Putting the Framework to Use for Retrospective Analysis: The Practice of Lifting
One of the more challenging practices for the nurse is the lifting of patients. Many elderly patients in the hospital or nursing home require partial assistance for lifting themselves out of bed or out of a chair. Alternatively, many are not capable of supporting their own weight at all and require complete assistance of a nurse to get out of bed or out of a chair. Given that the nurse must do this for any number of patients, there is a risk to the nurse’s physical safety if she/he is required to lift every patient. What’s more, many nurses are not physically strong enough for this. As a result, nurses have opted to use mechanical lifts on the many occasions that patients need to be lifted (Li et al. 2004).
To do this the nurse encloses the curtain around the patient to ensure privacy throughout lifting. The nurse adjusts the bed for ease of lifting and using the mechanical lift for complete assistance, the patient is lifted using a remote control, controlled by the nurse. The patient is then lowered into the chair. When the patient is being lifted there is no physical contact with the nurse, although the nurse is physically present there is no chance for eye contact as the patient is raised quite high and the nurse is paying attention to the remote control and aligning the wheelchair for placement. Thus, eye contact and touch are not possible. This first wave of automation presents a rather flat view of the care practice of lifting. Meaning, it appears to have viewed the practice as a task, as an event that is separate from the process of care and uninvolved in the manifestation of care values. As I have already shown, valued actions like touch and eye contact are integral for establishing and/or maintaining a trusting bond and this bond is integral for the provision of good care later on in the process (the patient complying with their treatment plan, taking medications, being honest about their symptoms etc.). In short, the practice of lifting requires much more than the action of lifting the care-receiver from one place to another. In order to call this is a “good care practice” according to the care orientation, many other values need to be expressed throughout the practice—values like attentiveness to the care-receiver responses or eye contact for establishing trust in the practice (and technology in this instance).

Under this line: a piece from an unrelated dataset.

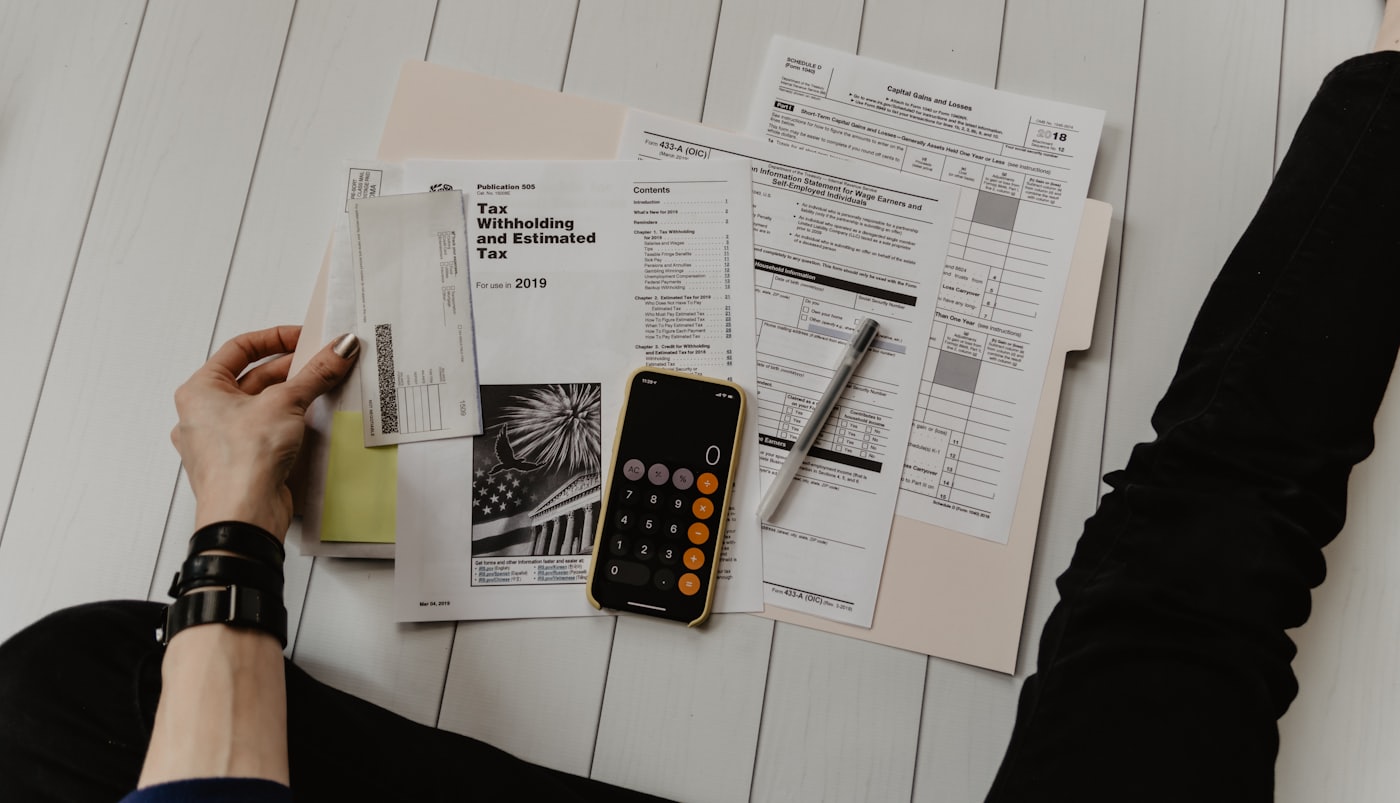 Accounting documents, calculator and financial reports on a desk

For this example, the context is the hospital, the critical care ward, the practice is lifting and the actors are the care-receiver, the care-giver, the mechanical lift, the mechanical bed, the curtain to enclose the care-receiver and the room. In terms of the manifestation of moral elements, attentiveness of the nurse is directed towards the machine and its functioning rather than exclusively towards the patient and their status. In terms of responsibility, the nurse is responsible not only for their behavior but also for the function of the machine. Trust here is a hybrid affair between the care-giver, care-receiver and the mechanical lift—meaning, the patient trusts the nurse as to whether or not the mechanical lift will work. Trust is also bestowed on the technology as a result of the values guiding the institution—the patient trusts the institution’s judgment when using the technology. In terms of competence, it is questionable whether the lift facilitates the element of competence. Although the nurse is able to lift multiple patients in a given day with the same skill, the lack of touch and eye contact leave one wondering whether or not this is a skillful completion of the task. The reason to question this once again has to do with the criteria for “good care”—fulfillment of the action efficiently is not enough to render a practice ‘good’, the manner in which the practice is fulfilled is what makes it a ‘good’ practice. Thus, a good lifting practice, in the hospital, includes eye contact as a way of communicating and establishing a bond. With respect to reciprocity, the nurse is present and thus verbal and visual communication are possible; however, with the nurse’s attention on the remote one would wonder how perceptive they might be to the reactions of the patient.4 The current technology involved in the practice of lifting shows us how important it is for designers to understand the holistic vision of care and how care practices fit within this vision—they act as a moment for the promotion of care values. Consequently, the introduction of care robots presents a unique opportunity to re-introduce certain values of ethical importance. Alternatively, a robot may perpetuate the trend to minimize certain care values.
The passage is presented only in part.